Thanksgiving arrived early for one of Sheepshead Bay’s biggest families. St. Mark Catholic Academy came together to pray, eat and celebrate the gift of their school community Nov. 25.
Festivities began at St. Mark Church with morning Mass, before students proceeded to the school auditorium. Eyes widened as students saw that it had been transformed into a dining hall offering a feast for the senses from the autumnal décor to the aromatic dishes being served up family-style by parent volunteers.
Father Robert Mucci, St. Mark’s pastor, led students in saying grace.
“We give thanks to almighty God for all of His blessings, all the great gifts that He gives us – for the gift of our life, for the gift of our parents and families and friends,” he said.
Then table by table, students went to fill their plates with turkey and all the trimmings. A spread of pies, cakes and cookies awaited them for dessert.
A team of nearly 30 parent volunteers prepared this year’s feast for over 200 students, nursery through grade eight.
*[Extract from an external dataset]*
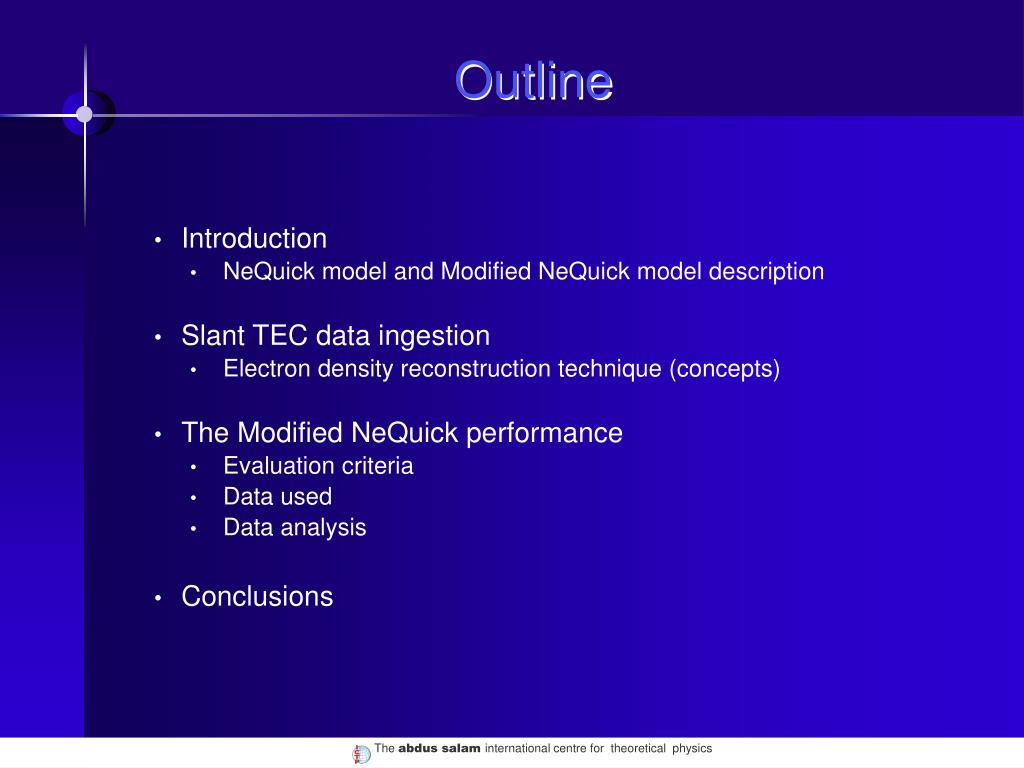 Ppt Slant Tec Data Ingestion In The Modified Nequick Ionosphere Electron Density Model Powerpoint Presentation Id 394154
Parents arrived at 7 a.m. to accept trays of food, warm it in the school kitchen and then set up chafing dishes and Sternos until it was time to eat.
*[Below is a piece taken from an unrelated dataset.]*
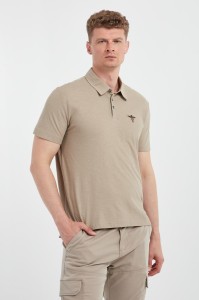 Polo męskie z haftem AERONAUTICA MILITARE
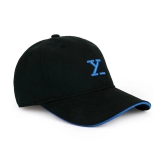 XYXX Black Cotton Mens Cap ( Pack of 1 ) - Black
Every family contributes something to the meal, explained Carol Donnelly, principal. Parent representatives for each class cook the turkeys, and coordinate what foods other parents in the class will prepare for the dinner.
“I think the fact that it’s not the school that’s preparing it – it’s every child, every family preparing it – makes everything more special,” said Claire Saintil-vanGoodman, class parent for the eighth grade.
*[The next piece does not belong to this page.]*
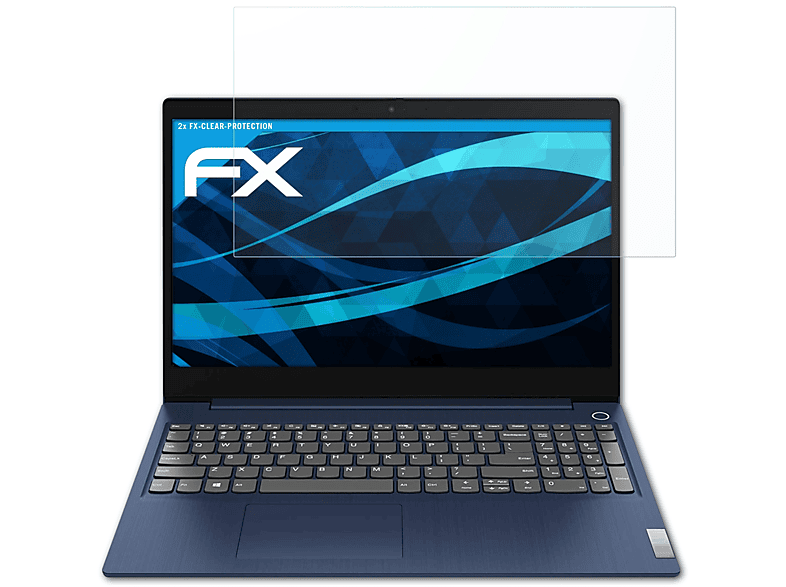 ATFOLIX 2x FX-Clear Displayschutz(für Lenovo IdeaPad 3 (15,6 Inch))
“When they come together with their friends and classmates and teachers, it makes them very excited,” shared Minelia Cleland, seventh-grade class parent, who cooked one of the many turkeys served at the feast.
Recognizing that not every child enjoys a traditional Thanksgiving at home, the parents’ association began hosting the event several years ago.
“We’re very diversified in this school,” said Michael Davis, president of the parents’ association. “I think we have over 50 different nationalities.”
He noted that there are many “Muslim families, Pakistani families, Nigerian families. Some of these nationalities don’t necessarily celebrate Thanksgiving. … So we try to show the children what a Thanksgiving meal is all about.”
“We teach them it’s an American custom,” Donnelly said, explaining that the meal follows classroom lessons about the first Thanksgiving. Younger students even attended the dinner dressed as pilgrims and Native Americans with paper hats, headdresses and jackets.
“It’s a way for all of us, no matter who we are, to give thanks for what we have,” she added.
Fourth grader Anaya Qayyun said Thanksgiving is not a custom in her home so she delighted in the sights, sounds and smells filling the school auditorium.
“Thanksgiving means to spend time with family and friends and thank God for what you have,” she said. “I’m most thankful for my family and friends.”